McCartney, a student in the Department of Psychology, will present her findings in August to the 119th American Psychological Association (APA) convention in Washington, D.C. Her work was chosen because her survey of this at-risk population is unique.

“The technology is evolving so rapidly that science hasn’t caught up to looking at the effects that mobile app usage can have behind the wheel of a car,” says McCartney. “But something needs to be done because in psychological terms, Internet use involves substantial cognitive and visual distraction that exceeds talking or texting, making it much more dangerous.”

Among survey respondents, one in 10 “often,” “almost always” or “always” use mobile apps while driving; more than one-third use them “sometimes.”

The survey included 93 UAB students who own a smartphone and use Internet-based applications on it at least four or more times per week; it is not a random sample. Even so, David Schwebel, Ph.D., director of the UAB Youth Safety Lab, is concerned.

“Driving a car is an incredibly complex task for humans to complete safely. There are enormous cognitive, perceptual and motor tasks an automobile driver must complete, frequently very quickly and with split-second precision,” says Schwebel. “A driver using his or her smartphone is clearly distracted, both visually and cognitively, and really should not be driving.
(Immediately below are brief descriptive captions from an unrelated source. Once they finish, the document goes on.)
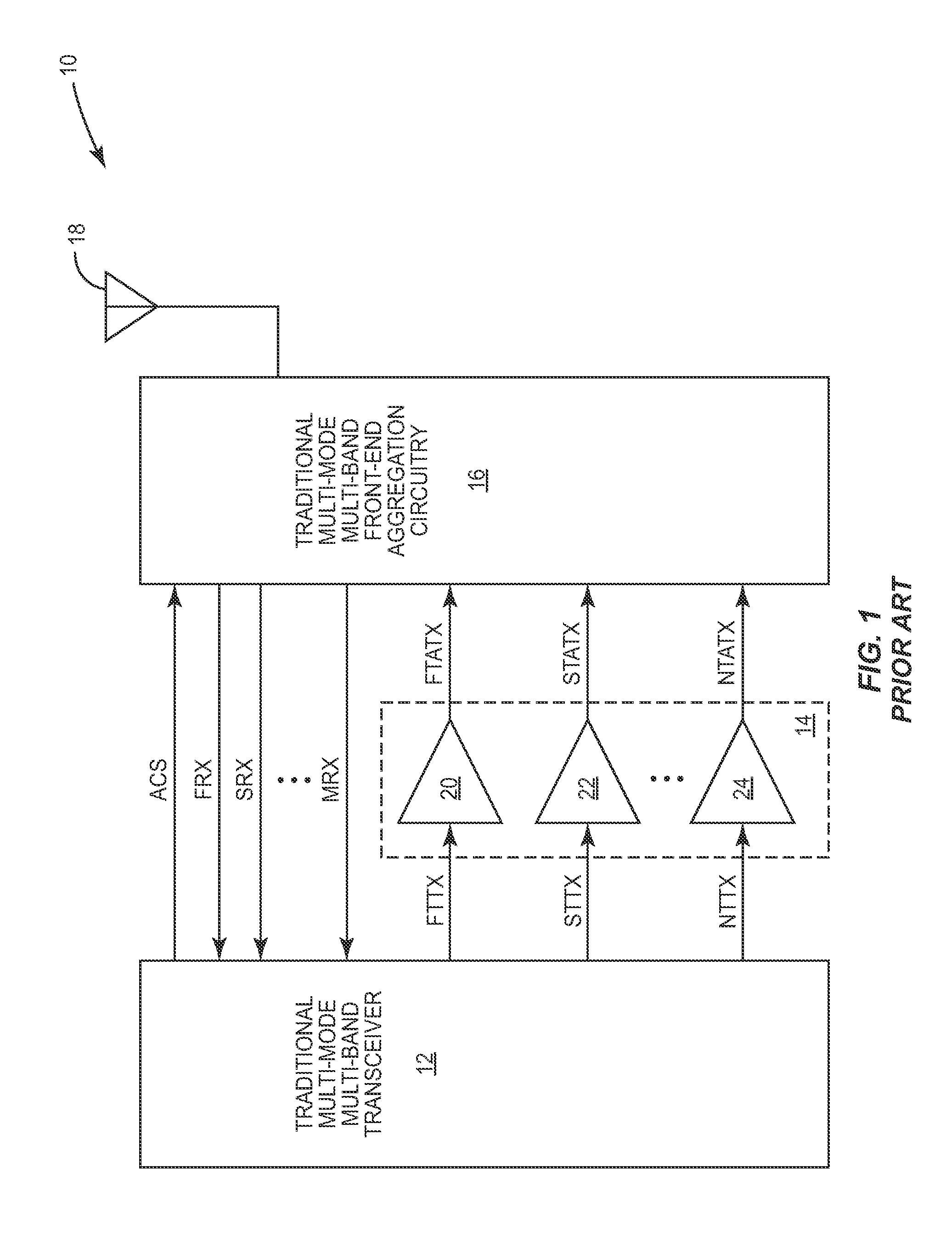 Temperature correcting an envelope power supply signal for RF pa circuitry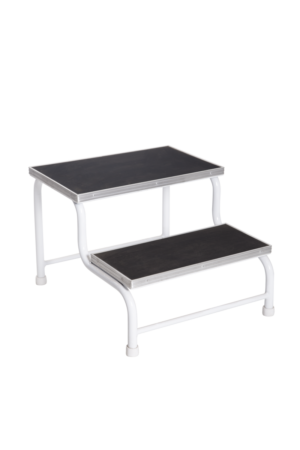Double Step White with Rubber Top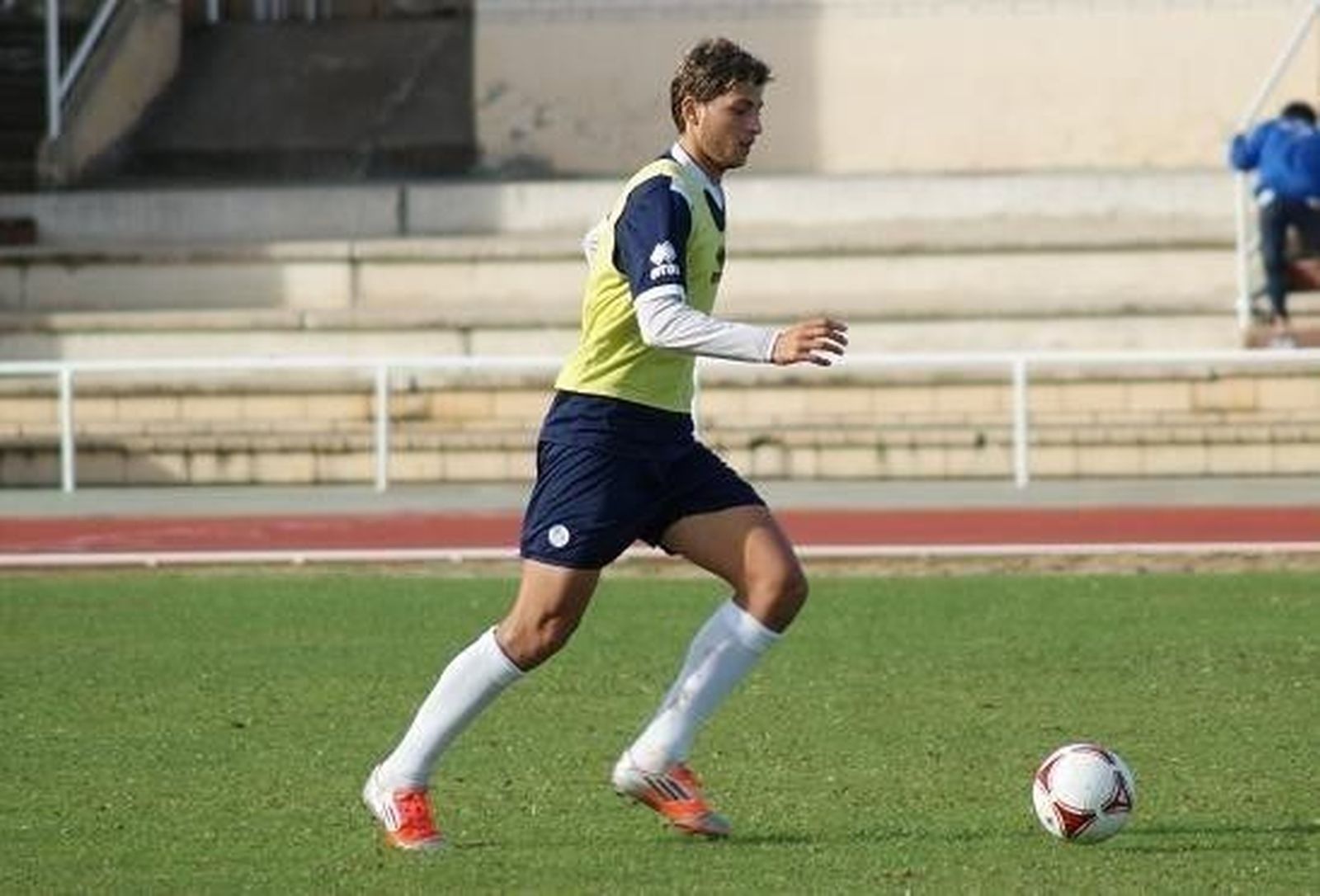 La UDS entrenó ya con Pons y Murcia pero sin Héctor Ladero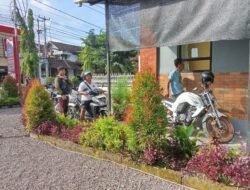 Sat Lantas Polres Karangasem Permudah Layanan Public, Melalui Pelayanan Samsat Drive Thru 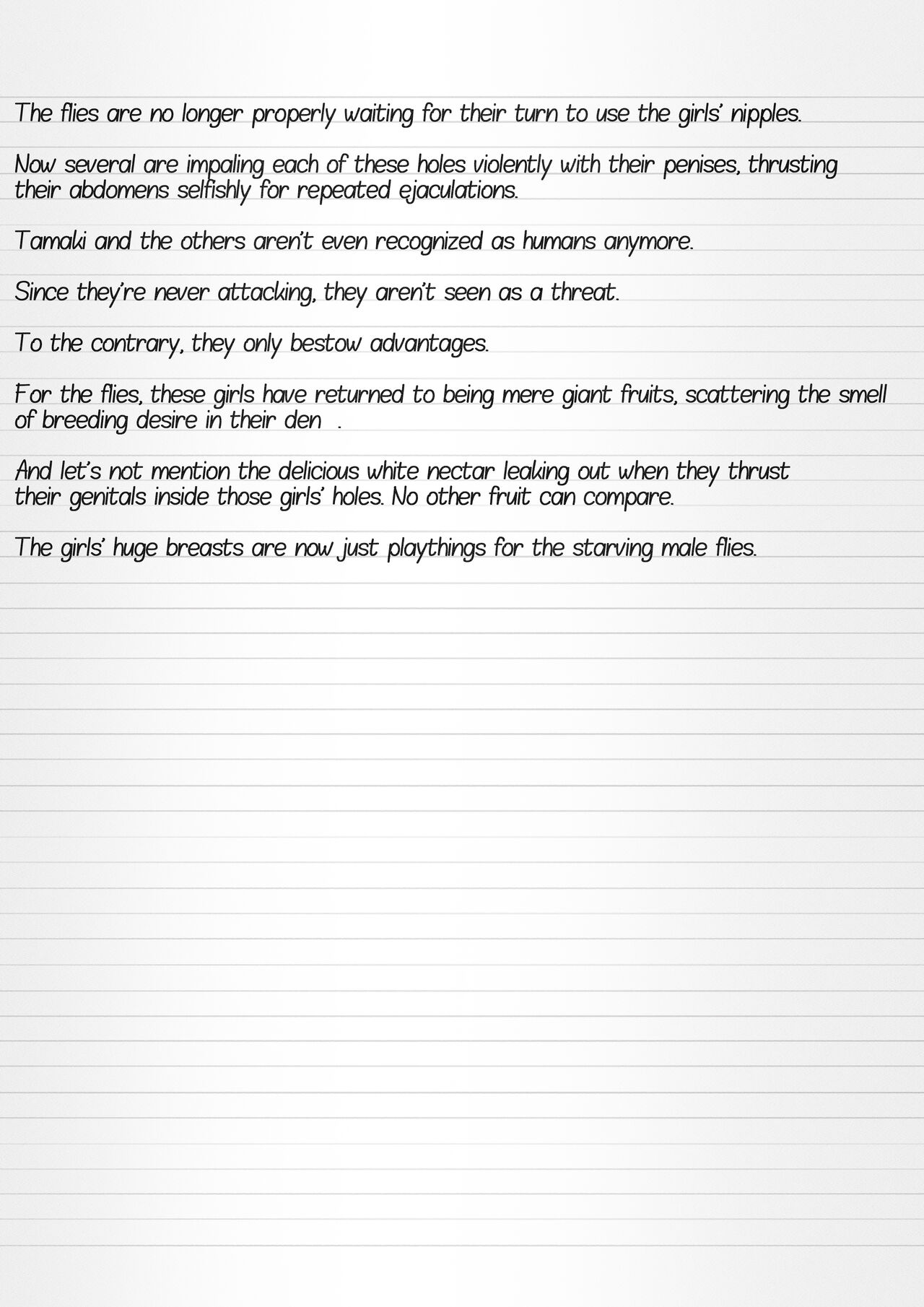 [Tiba-Santi (Misuke)] Misuke's Short Stories 10 - Pumpkin Flies (ToHeart2 Dungeon Travelers) [English] numero di immagine  13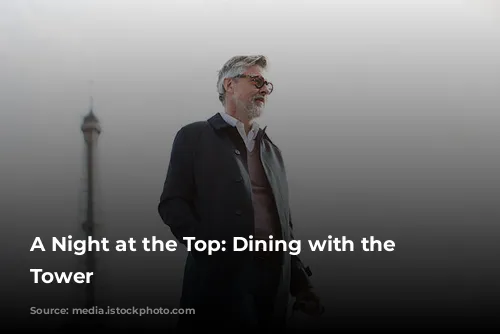 A Night at the Top: Dining with the Eiffel Tower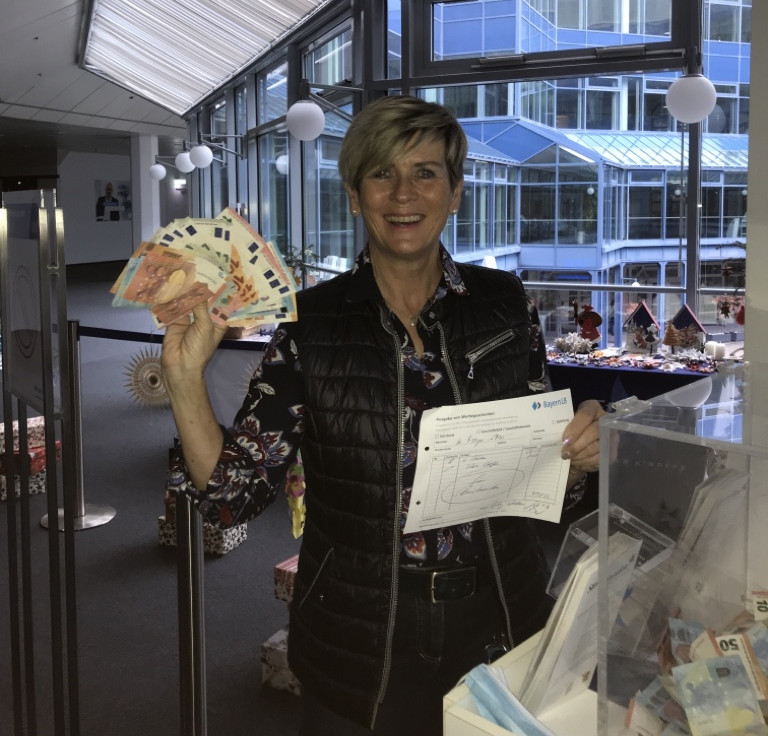 Werbemittelverkauf BayernLB Irene Maier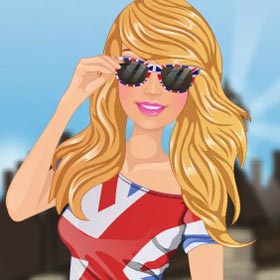 game Barbie Visits London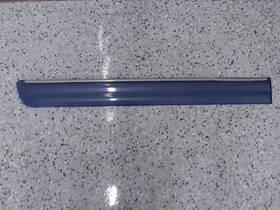 757410c080a0 Toyota 2004-2006 Tundra Crew Cab Right Rear Door Molding Blue 8j7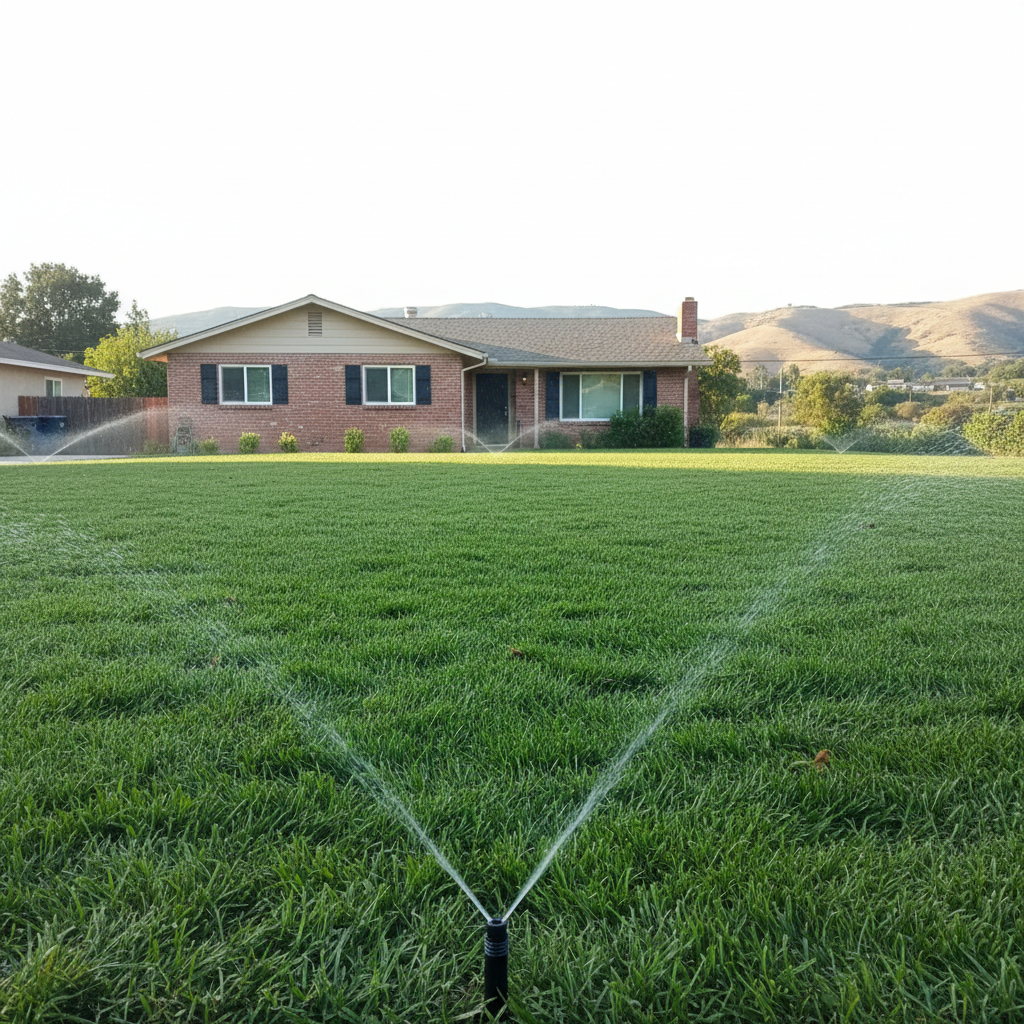 Irrigation Installation in Vallejo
The fact that 10 percent of college students with smartphones ‘often’ are using them while driving is astounding — the fact that 35 percent ‘sometimes’ do is equally concerning.”

Thirty-three states ban text messaging while driving; zero states ban the specific use of mobile Internet with the penalty of a primary or secondary offense.

The data in McCartney’s findings were part of a larger research study at the UAB Youth Safety Lab that examined the effects of mobile application use on pedestrian safety.